Hasta anestezi doktoru tarafından ameliyattan sonra uyandırıldı. Ancak görüldü ki hasta uyandırılmasına rağmen kendine yetecek solunumu yapamıyordu. Bunun üzerine maske tedavisi ile oksijen verilmeye başlandı. Bu belli bir süre takip edildi. Sonra hep maskeyle olmayacağını anladık. Hastayı kısa süreliğine tekrar uyutup sırf daha basınçlı oksijen vermek için, yani yoğun bakım şartları yaratılarak, hastaya yüksek basınçla oksijen verildi. Hastanın kandaki oksijen seviyesi düzeldi ve bunun üzerine hasta tekrar uyandırıldı. Ancak ikinci kez uyandırıldığında yine ayni tabloyla karşılaşıldı. Hastanın kendi kendine yeterli oksijeni alamayacağı anlaşıldı. Dendi ki ‘artık ameliyat değil, yoğun bakım şartlarında takip edilmesi gerekiyor.’ Dr. Burhan Nalbantoğlu Devlet Hastanesi’nin acil ambulansı buraya çağırıldı. Hasta ameliyathaneden sedye ile alındı. Anestezi doktorunun kontrolünde, himayesinde ve anestezi doktoru da ambulansa binmek suretiyle, bir de yanında özel eğitilmiş acil hemşiresi ile beraber hastayı ambulansa aldılar ve oksijene devam ederek acile servise götürüp oradan da yoğun bakım servisine transfer ettiler.
“Kesinlikle ihmal yok”
Buraya kadar olan kısım benim hastanemi ilgilendiren kısımlardır. Hastaya yapılan müdahale açığında Özel Başkent Hastanesi’nin kesinlikle hiçbir ihmali yoktur. Hasta ameliyathanedeyken, ameliyathaneye kalp doktoru ve göğüs hastalıkları uzmanı çağırıldı. Hasta muayene edildi, kalp elektrosu çekildi, solunumu doktor tarafından dinlendi. Ameliyathane ortamında kendine yetecek oksijeni alamayacağına karar verilerek yoğun bakım ünitesine transferini uygun görüldü ve ondan dolayı hasta devlet hastanesine sevk edildi.

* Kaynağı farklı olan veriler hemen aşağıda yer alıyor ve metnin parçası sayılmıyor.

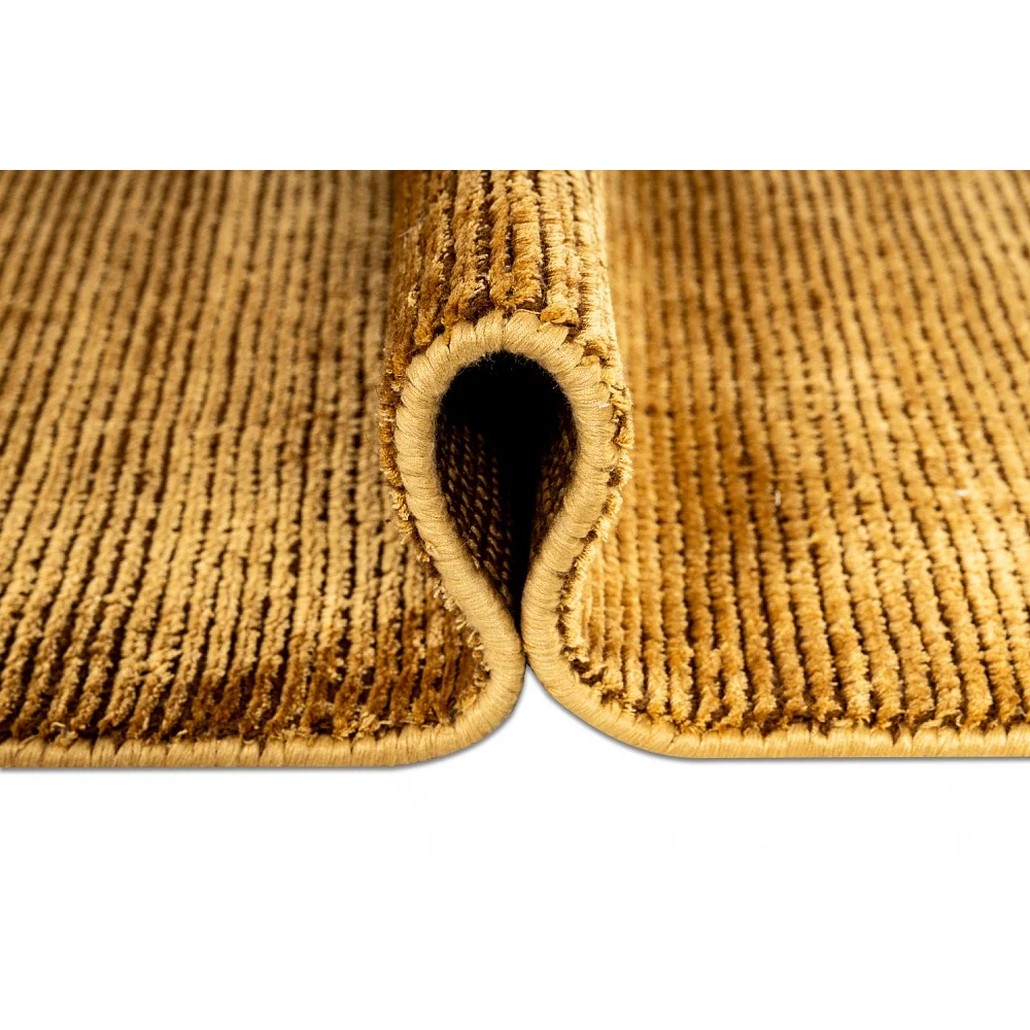 Индийский однотонный с текстурой ковер KARTTIKEYA Gold Cloth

“Şikâyeti olan adli makama gitsin”
“Tıbbi hizmet açısından en küçük bir eksiğimiz yoktur. Hasta yakınlarının bu konuda şikâyetleri varsa, müracaat edecekleri merciler adli makamlardır. Hastanelerin önünde toplanıp da o hastane hakkında ileri geri konuşmalarını ben şiddetle protesto ediyorum ve kabul etmiyorum. Biz 20 yıllık bir hastaneyiz. Hizmet vermeye devam edeceğiz. Ben bu açıklamayı kamuoyunu bilgilendirmek için yaptım. Benim aldığım duyumlara göre hasta yakınlarına otopsi yapılması teklif edilmiş fakat hasta yakınları kabul etmemiş. Bu tip vakalarda otopsi önemli bir olaydır. Karşı taraf şikâyetçi olacaksa, mutlaka otopsi yapılması lazım. Otopsi sonucuna göre hareket edilmelidir.”